We live in the Data Age! The web has been growing rapidly in size as well as scale during the last 10 years and shows no signs of slowing down. Statistics show that every passing year more data gets generated than all the previous years combined. Moore’s law not only holds true for hardware but for data being generated too! Without wasting time for coining a new phrase for such vast amounts of data, the computing industry decided to just call it, plain and simple, Big Data.

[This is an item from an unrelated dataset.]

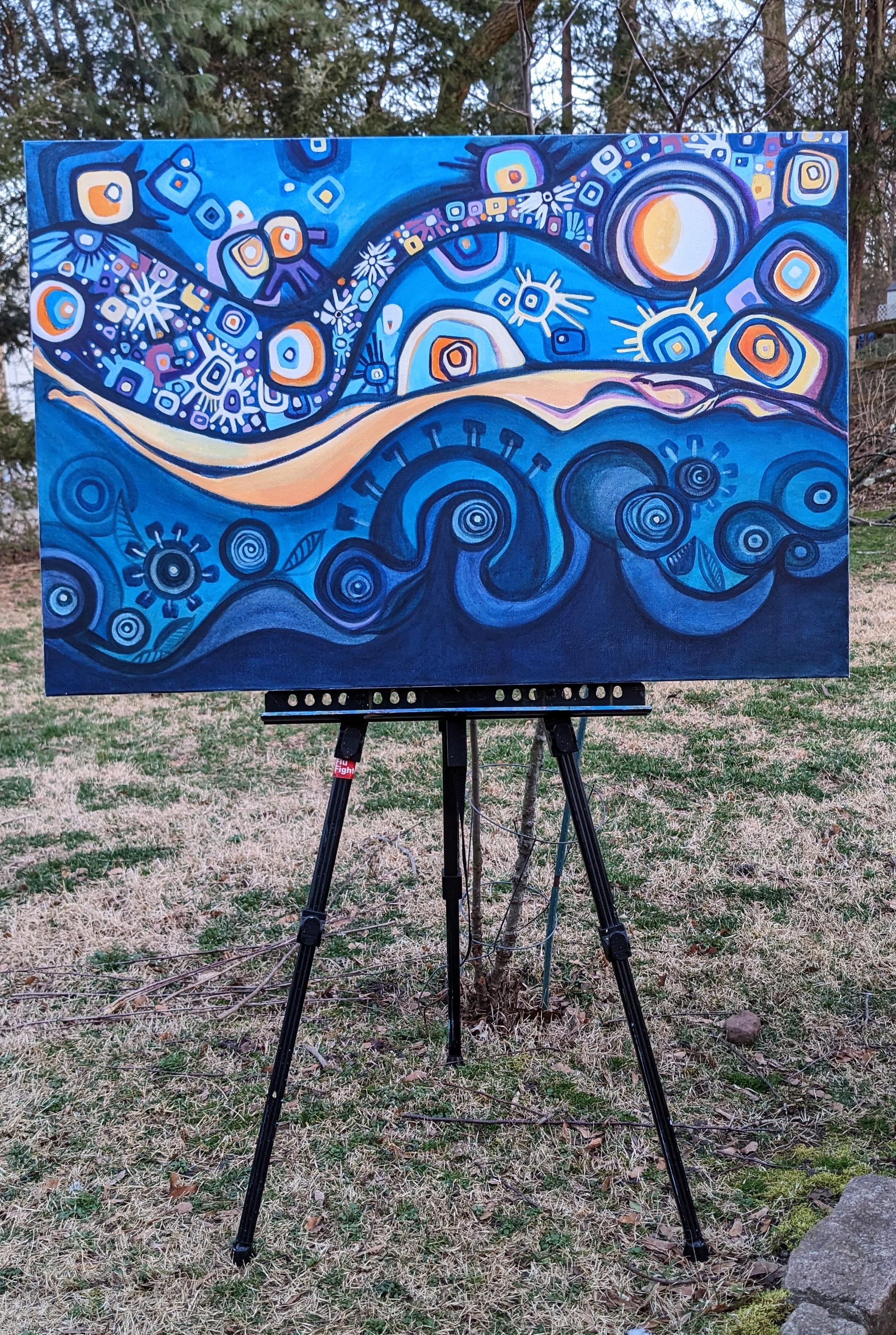 Crepuscolo mistico, Pittura astratta - Painting Astratto di Diana Elena Chelaru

Apache Hadoop is a framework that allows for the distributed processing of such large data sets across clusters of machines. At its core, it consists of 2 sub-projects – Hadoop MapReduce and Hadoop Distributed File System (HDFS). Hadoop MapReduce is a programming model and software framework for writing applications that rapidly process vast amounts of data in parallel on large clusters of compute nodes. HDFS is the primary storage system used by Hadoop applications. HDFS creates multiple replicas of data blocks and distributes them on compute nodes throughout a cluster to enable reliable, extremely rapid computations. The logical question arises – How do we set up a Hadoop cluster?

Map Reduce Archirecture
Figure 1: Map Reduce Architecture

 

Installation of Apache Hadoop 1.x

We will proceed to install Hadoop on 3 machines. One machine, the master, is the NameNode & JobTracker and the other two, the slaves, are DataNodes & TaskTrackers.
Prerequisites

  1. Linux as development and production platform (Note: Windows is only a development platform. It is not recommended to use in production)
  2. Java 1.6 or higher, preferably from Sun, must be installed
  3. ssh must be installed and sshd must be running
  4. From a networking standpoint, all the 3 machines must be pingable from one another

Before proceeding with the installation of Hadoop, ensure that the prerequisites are in place on all the 3 machines. Update /etc/hosts on all machines so as to enable references as master, slave1 and slave2.

Download and Installation
Download Hadoop 1.2.1. Installing a Hadoop cluster typically involves unpacking the software on all the machines in the cluster.
Configuration Files
The below mentioned files need to be updated:
conf/hadoop-env.sh
On all machines, edit the file conf/hadoop-env.sh to define JAVA_HOME to be the root of your Java installation. The root of the Hadoop distribution is referred to as HADOOP_HOME. All machines in the cluster usually have the same HADOOP_HOME path.
conf/masters
Update this file on master machine alone with the following line:
master
conf/slaves
Update this file on master machine alone with the following lines:
slave1
slave2
conf/core-site.xml
Update this file on all machines:

<property>
	<name>fs.default.name</name>
	<value>hdfs://master:54310</value>
</property>

conf/mapred-site.xml
Update this file on all machines:

<property>
	<name>mapred.job.tracker</name>
	<value>master:54311</value>
</property>

conf/hdfs-site.xml
The default value of dfs.replication is 3. Since there are only 2 DataNodes in our Hadoop cluster, we update this value to 2. Update this file on all machines –

<property>
	<name>dfs.replication</name>
	<value>2</value>
</property>

After changing these configuration parameters, we have to format HDFS via the NameNode.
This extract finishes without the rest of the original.